Buy the largest rubbermaid container you find. everything that is suitable for food, is suitable for fish.


----------



## mousey (Jan 18, 2005)

and swordtails can be aggressive.They might go after the betta and platty. I don't know about the minnows.


----------



## Vivid-Dawn (Jan 18, 2005)

At Petsmart, they sell 10 gallon aquariums for just $10. A'course, the filters are _also_ at least 10 dollars, along with heaters that are about that, too. The cheapest set-up you could get, buying stuff seperately, would be around $45. But it'd be a good investment - your fish would be way more happier! A tupperware tub could work, if it was also 10 gallons (or more).
You'd just barely be overstocked, but it wouldn't be a problem with the filter and weekly 10% water changes. Of course, then it would have to cycle... you could do that fishless, and keep them in the bucket another 3 weeks, or try it with them in the cycling tank... I had 3 fish (out of 10) survive my cycling ... I was new to this, and stupid, with the classic opinion "oh, they're just fish, put them in water and feed 'em and they'll be fine" ...riiiight LOL

Oh yeah, and don't put both bettas in the same tank. Put one in the tank/tub, and another maybe in another tub? Oddly enough, my Petsmart sells 2 1/2 gallon tanks for...get this!...$10 ;p Might as well just buy the bigger one!


----------



## sakurasilver (May 3, 2005)

i've taken in all your advice.... thanks a lot

my bettas are still liiving in jars and i recentely got an air pump for my bucket fish.... my platys and swordtails get along fine....i think...

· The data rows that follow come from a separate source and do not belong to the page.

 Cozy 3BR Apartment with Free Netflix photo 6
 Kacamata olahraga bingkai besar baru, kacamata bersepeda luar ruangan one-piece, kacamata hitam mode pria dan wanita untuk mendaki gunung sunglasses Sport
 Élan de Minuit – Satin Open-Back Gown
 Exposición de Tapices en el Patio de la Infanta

the bettas blow bubbles... are they okay?


----------



## mlefev (Apr 19, 2005)

Bubbles are fine. You'll notice a thick net of them over their containers. This generally means that they're happy, healthy, and ready to mate. I would say though, if you notice your fish blowing an abnormally large amount of bubbles as compared to it's normal amount, keep an eye on him just to make sure he's not ill. When mine was getting ready to die he coated the whole top of my 10 gal with bubbles, which was odd for him (usually it was in about 3 inch patches). 

Of course, as small of containers as yours are in right now, I wouldn't be surprised if they could completely fill it with bubbles. Just be sure that with the water changes you scoop most of the bubbles out too. I don't know for certain, but I'm sure they have some waste-like byproduct.

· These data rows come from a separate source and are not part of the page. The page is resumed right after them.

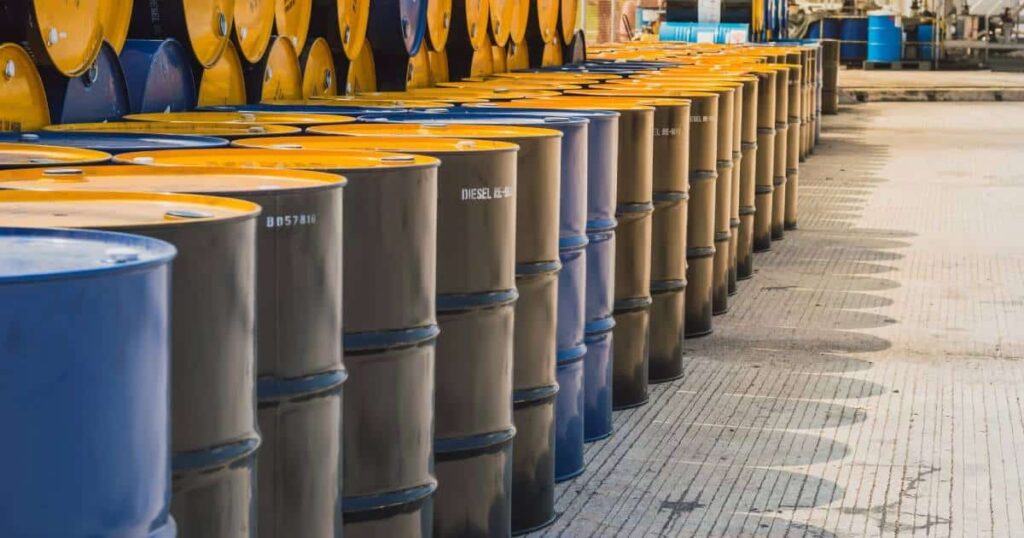 precios del petroleo suben y rozan los 120 dolares por barril 0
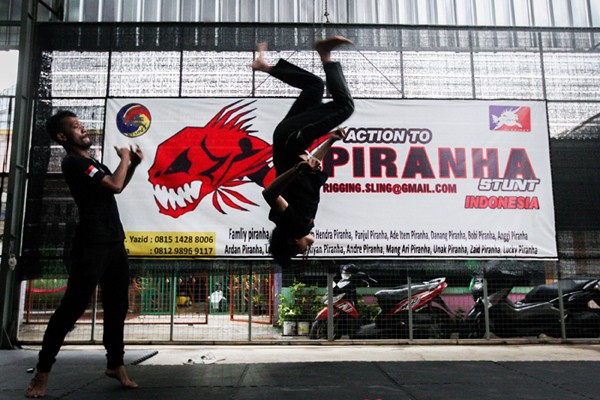 Anggota komunitas Piranha Stunt Indonesia saat berlatih di Studio Piranha, Cilodong, Depok, Jawa Barat, Rabu (15/12/2021).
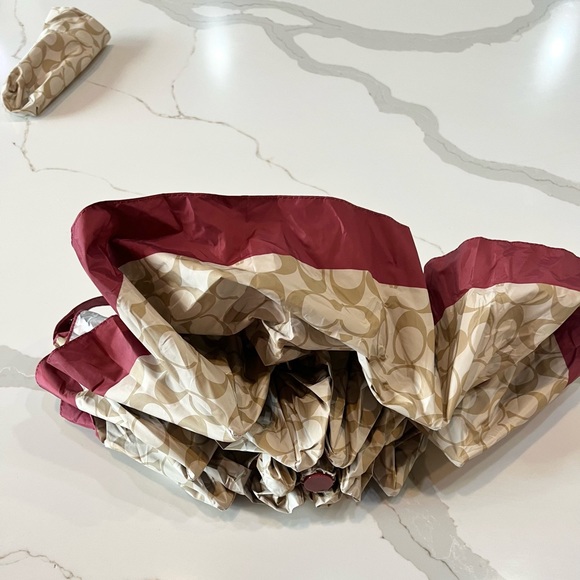 NWT Coach Printed Signature Mini Umbrella Gold Ivory Rouge Nylon - Picture 5 of 8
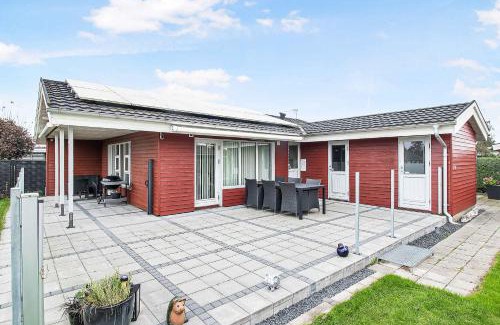 Hejlsminde Strand House | Nice Cottage In Quiet Surroundings Near The Beach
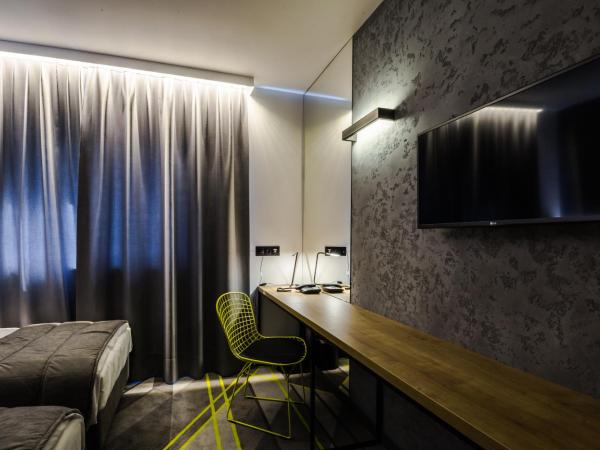 Air Hotel : photo 6 de la chambre chambre lits jumeaux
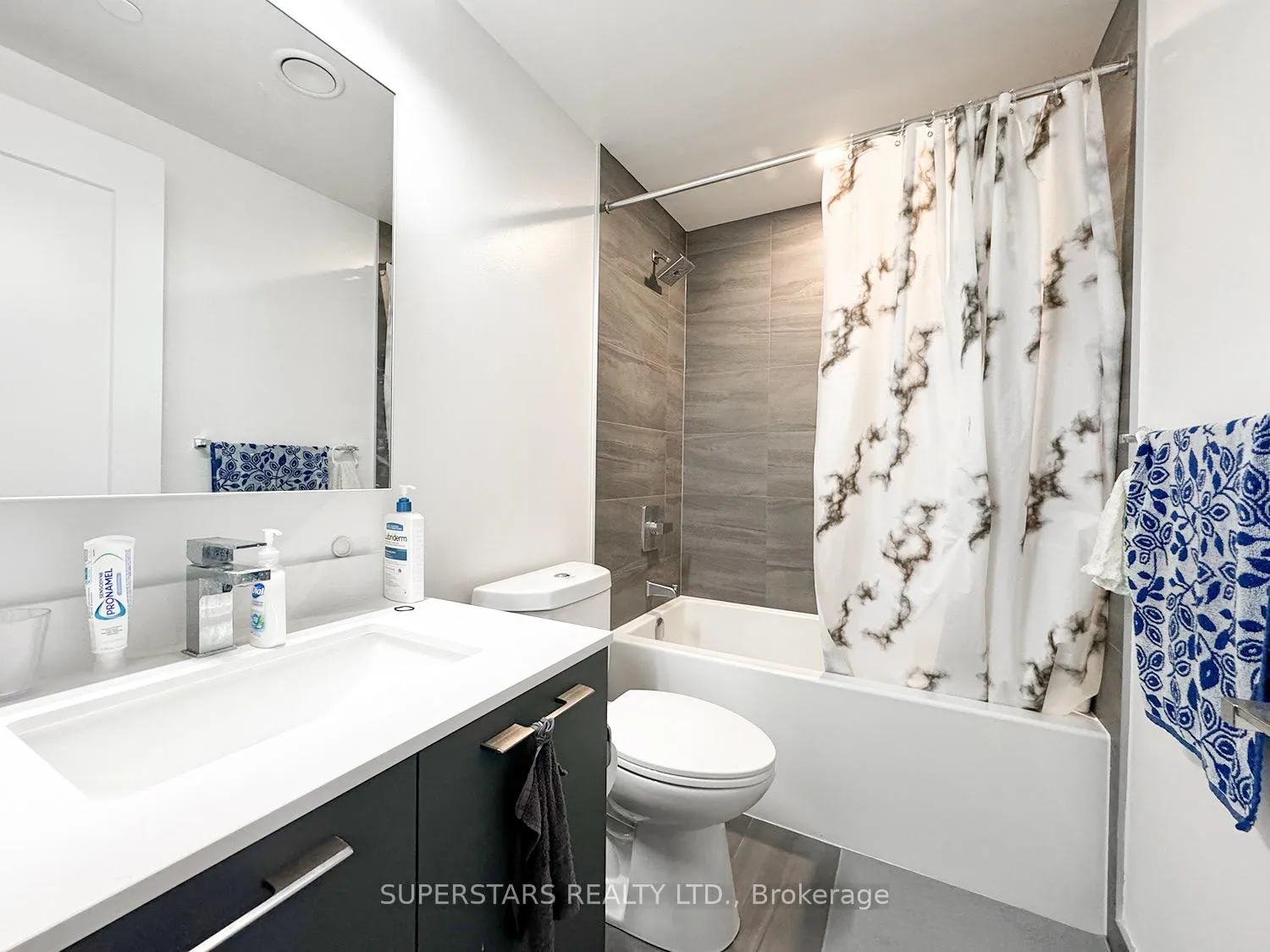 Photo 9 of Unit 1909, 8 Water Walk Drive, Markham, Unionville — HOMEH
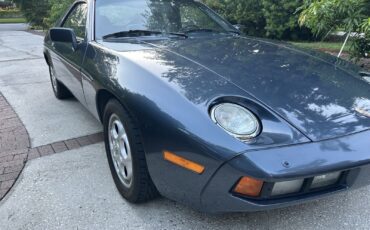 Porsche-928-1981-Coupe-7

But yes, rubbermaid, tupperware, or any other type of container that can hold a quart or 2 of liquid is a good environment. Even if you saw a sale and wanted to go larger...(lots of times places have sales on rather large "home-storage" containers, that would also be ok. Keep them at room temperature....73-79 degrees farenheit, and be sure when you switch out the water it's similar temp.


----------